At 14:07 19/12/2009 +0100, Johnny Rosenberg wrote:
I have two dates and I want to calculate how many days, hours and minutes it is between them. The dates are 2009-12-22 16:00 and 2010-01-04 07:00, and as all of you already know it's 12 days and 15 hours between them. But since 12 means "12th day since 1899-12-30" the result of this calculation is 11 15:00 when formatted as "DD HH:MM".

Indeed: as you suggest, "DD" here refers to a date, not a number of days.

I didn't find a way to get around this by formatting only. For example "0 HH:MM" didn't work. Any suggestions?

No. In any case, since "DD" represents a date, it could never work for intervals of 32 days or more.
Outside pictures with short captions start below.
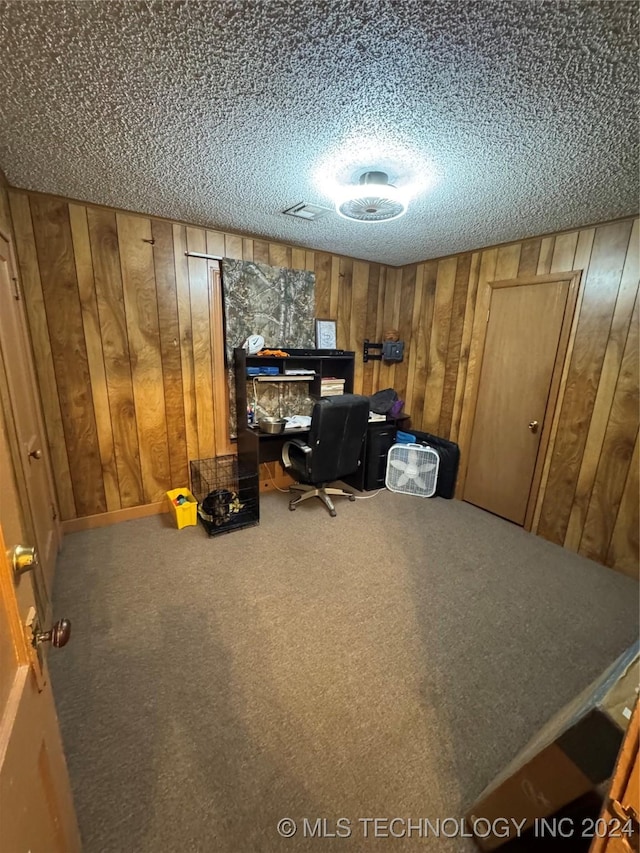 unfurnished office with a textured ceiling, carpet floors, and wood walls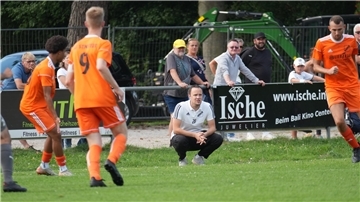 Ein Trainer hockt am Spielfeldrand. 
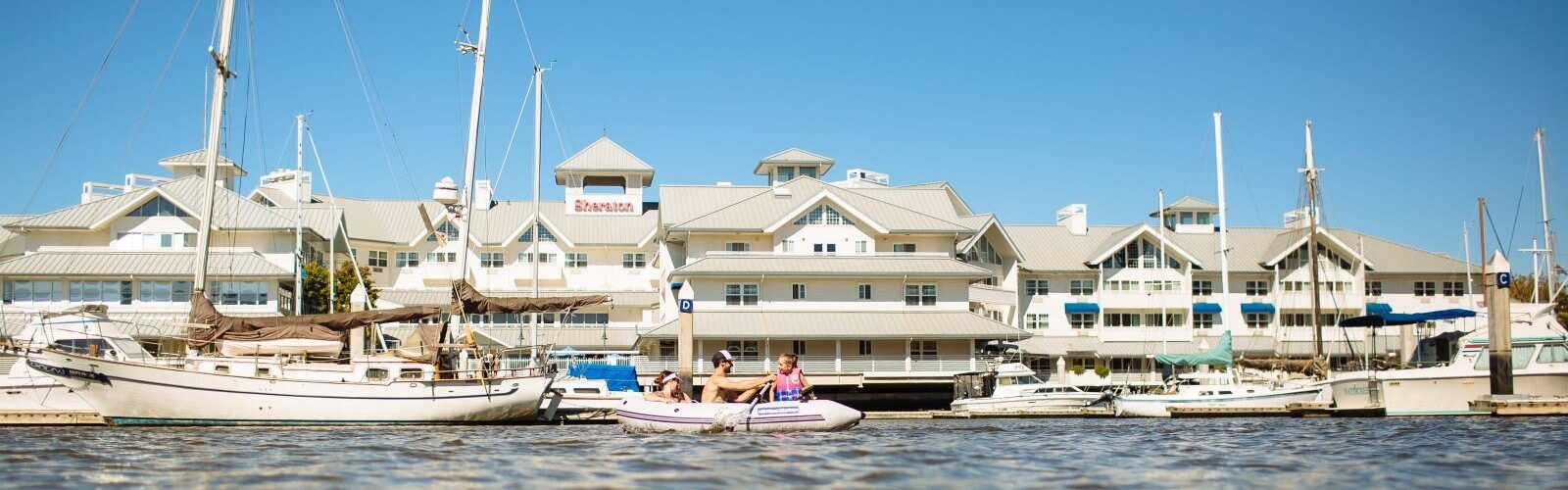 Petaluma, california 4 Family on a raft man is rowing in front of marina and sheraton hotel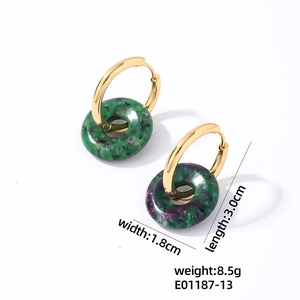 Détail de boucles d'oreilles en acier avec breloques en résine marbrée vert et violet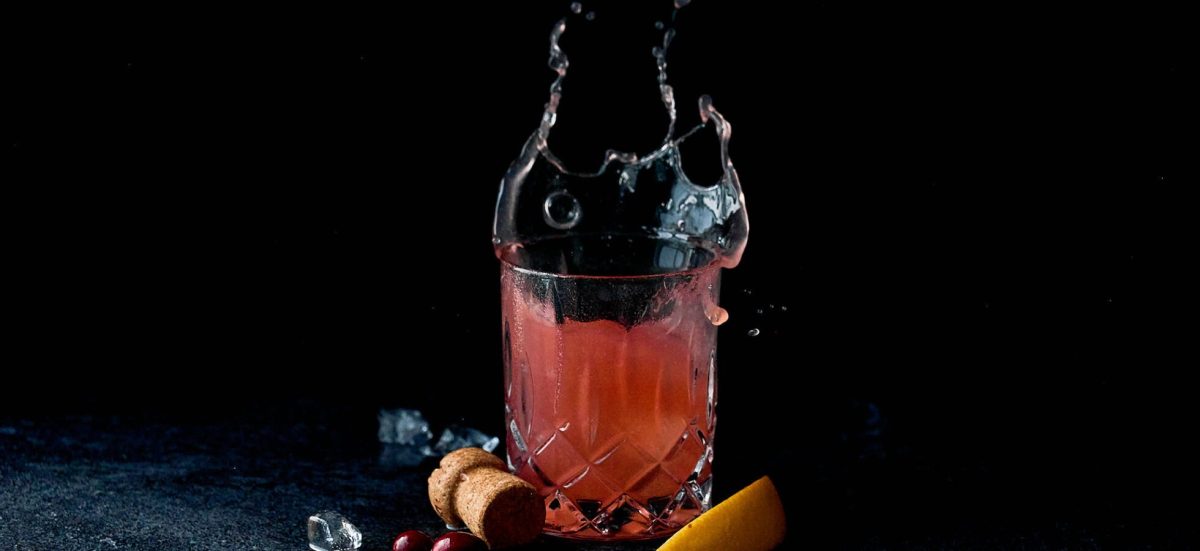 A champagne cocktail with a splash of liquid on a black background.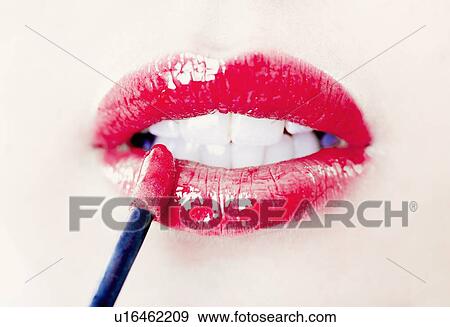 Close up of womans lips with lip gloss View Large Photo Image Stock Photo - Close up of womans lips with lip gloss. Fotosearch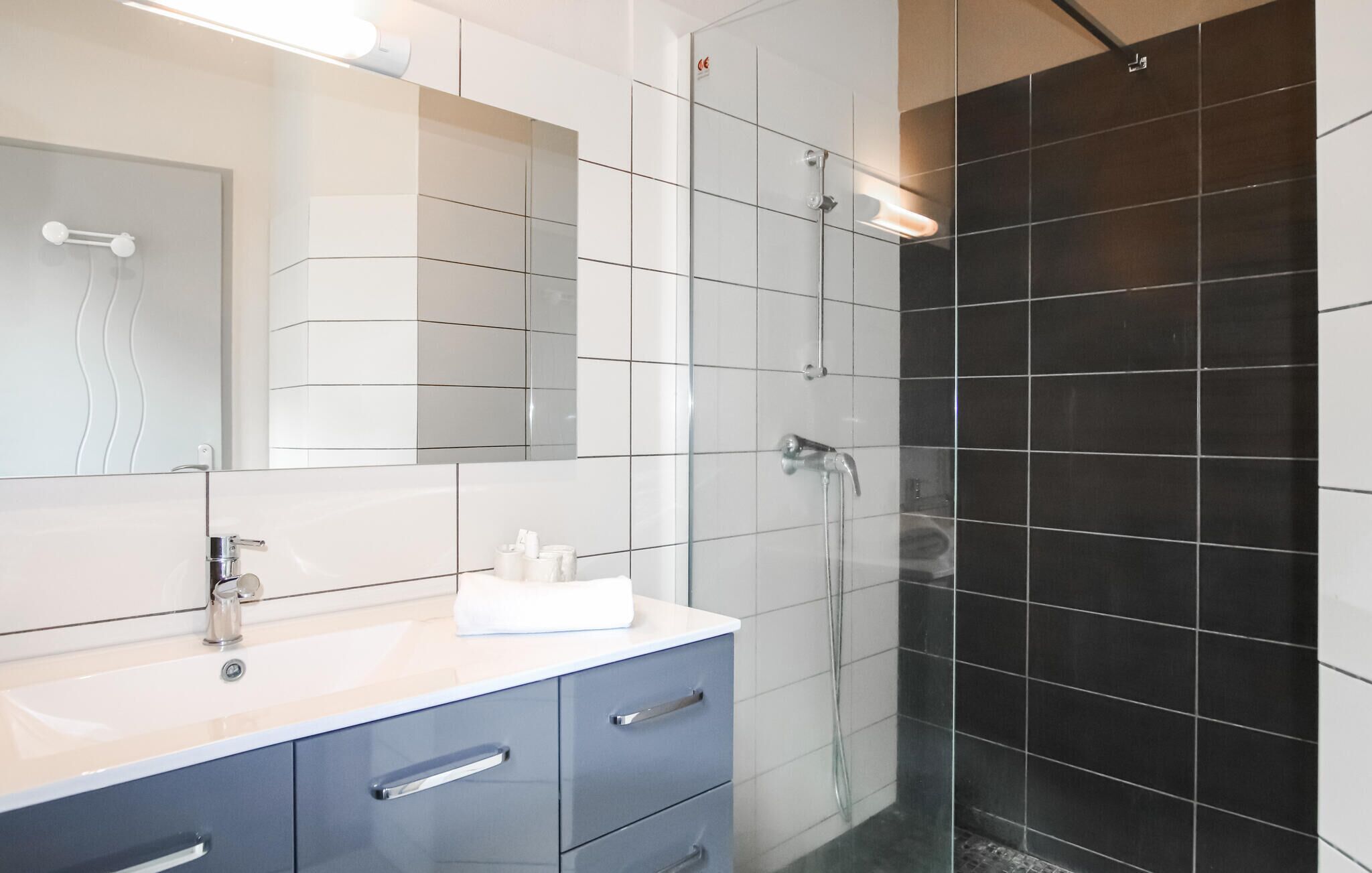 Ein modernes Badezimmer mit einem weißen Waschtisch, einem großen Spiegel und einem Duschbereich mit schwarzen Fliesen.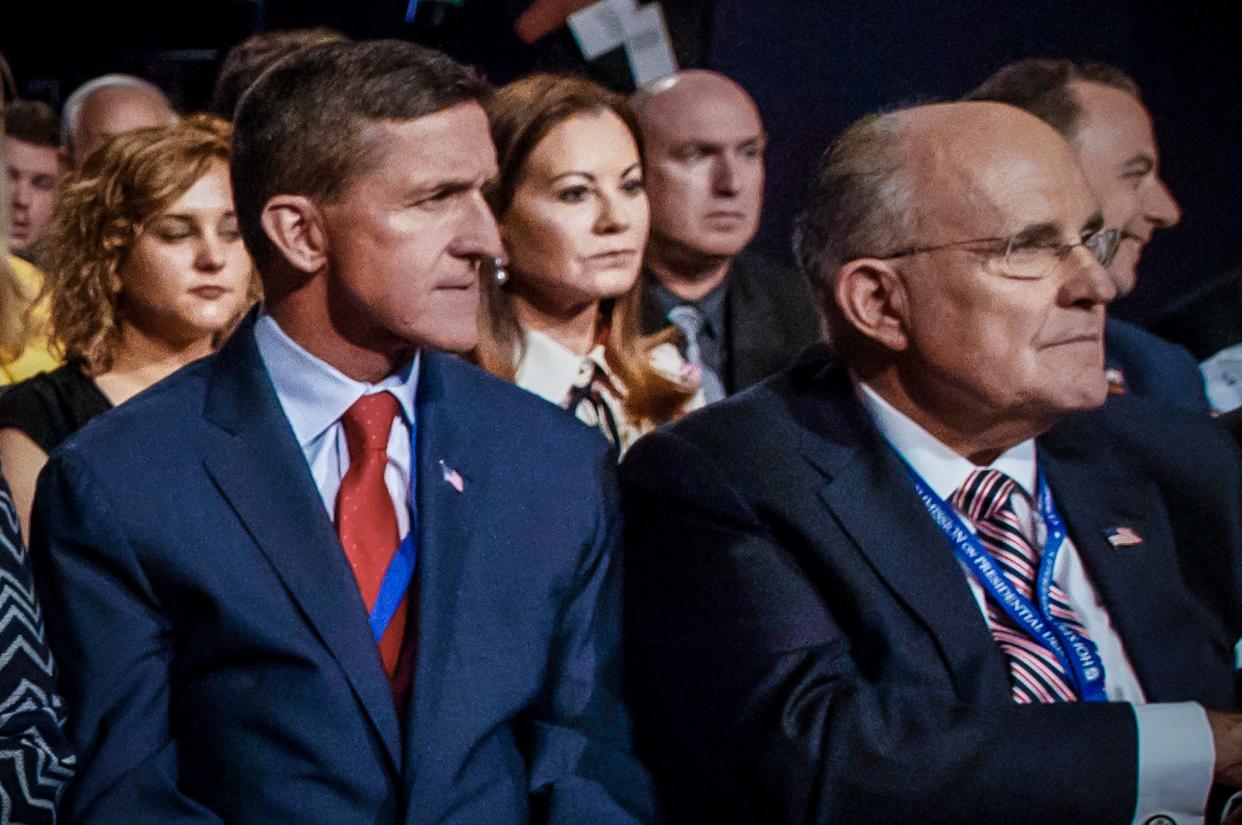 Left: Michael Flynn seated in a crowd in a blue suit and a red and a blue tie; Right: Rudy Giuliani seated next to him in a striped red and black tie and a black suit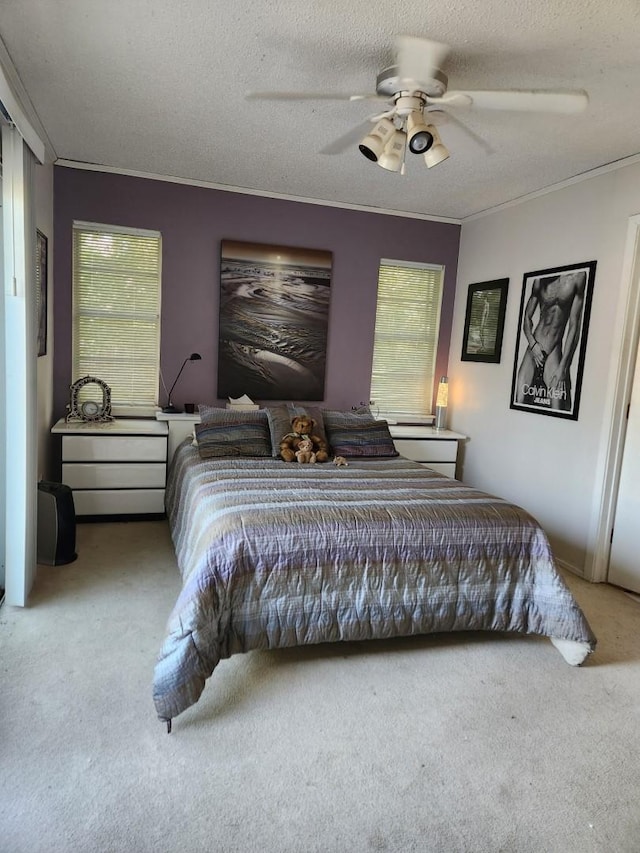 carpeted bedroom with ceiling fan and a textured ceiling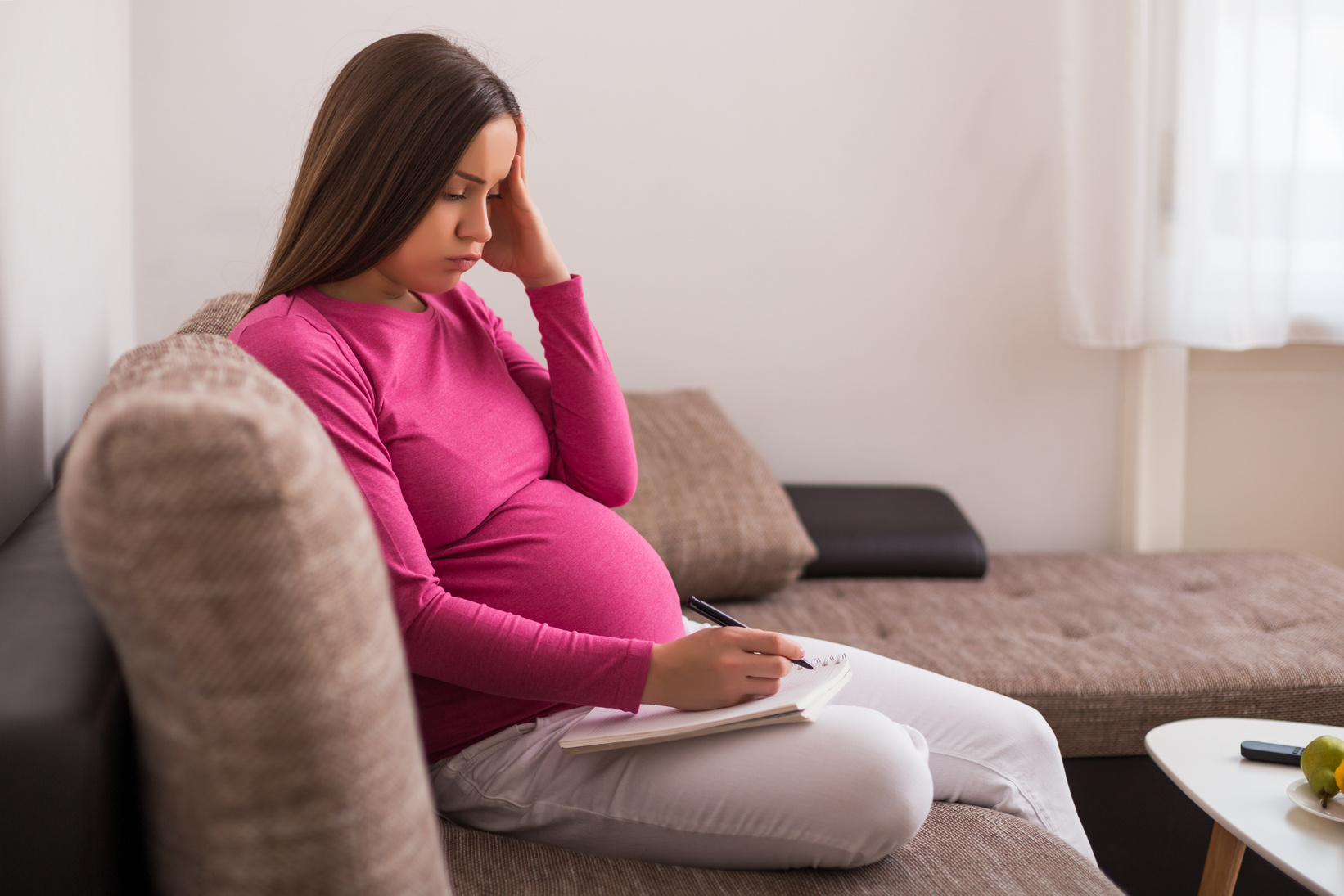 Worried pregnant woman writing to do list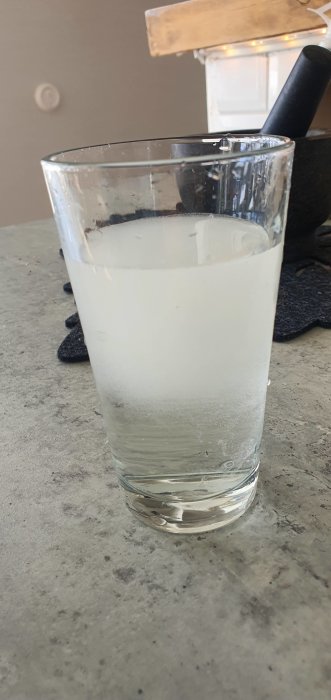 Ett glas med grumlig vätska, kanske vatten, på en bänkskiva med en svamp bakom.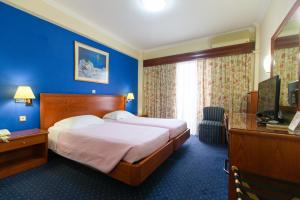 a hotel room with a bed and a blue wall at Grand Hotel in Larisa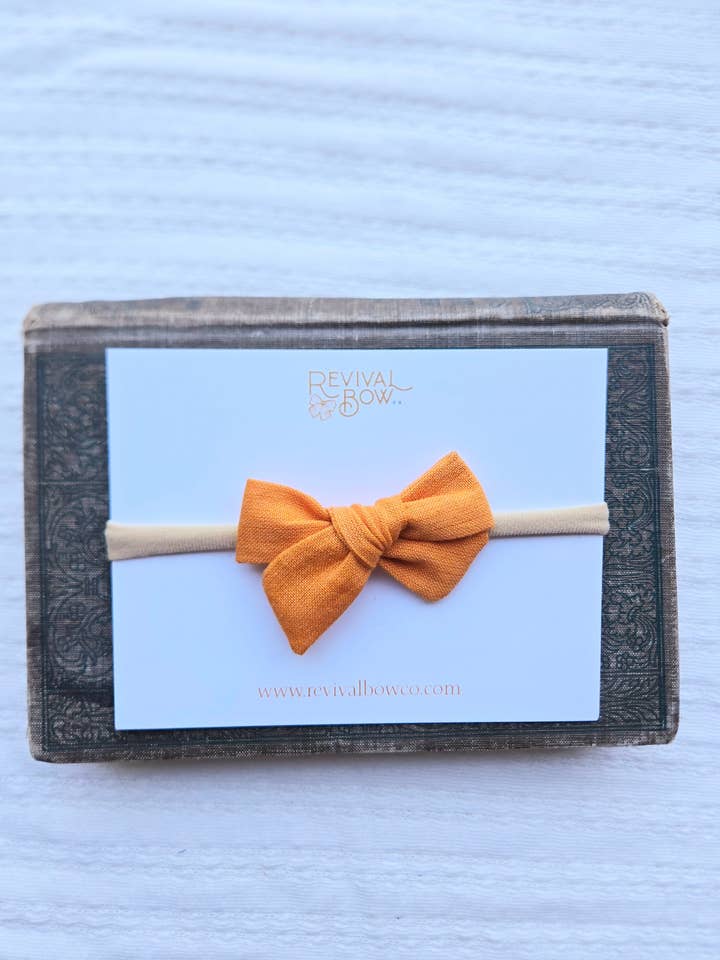 Mini Bow on Headband • Orange for wholesale by Revival Bow Co.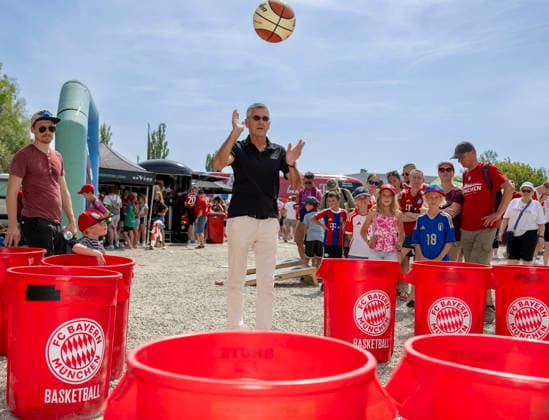 August 9, 2026, Google Pixel Women s Bundesliga Friendly Match: FC Bayern Women vs. Paris FC, at Sportpark Unterhaching; fan festival in front of the stadium; FC Bayern President Herbert Hainer throws a ball into the plastic bins at the basketball team s booth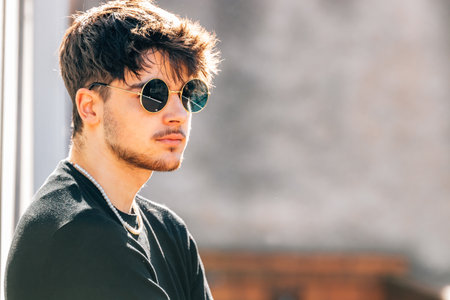 young male with sunglasses on the street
My best effort is:
=TEXT(INT(DAYS(B1;A1));"00 ")&TEXT(DAYS(B1;A1)-INT(DAYS(B1;A1));"HH:MM")

"DD HH:MM" will probably work in Excel since 0 in Excel is 1899-12-31, which also means that Calc dates are the same as Excel dates 1900-03-01 - ?, but not before that date (Excel thinks that 1900 is a leap year).

Even so, an interval of 32 days would show as "1" (representing 1 February 1900) and so on.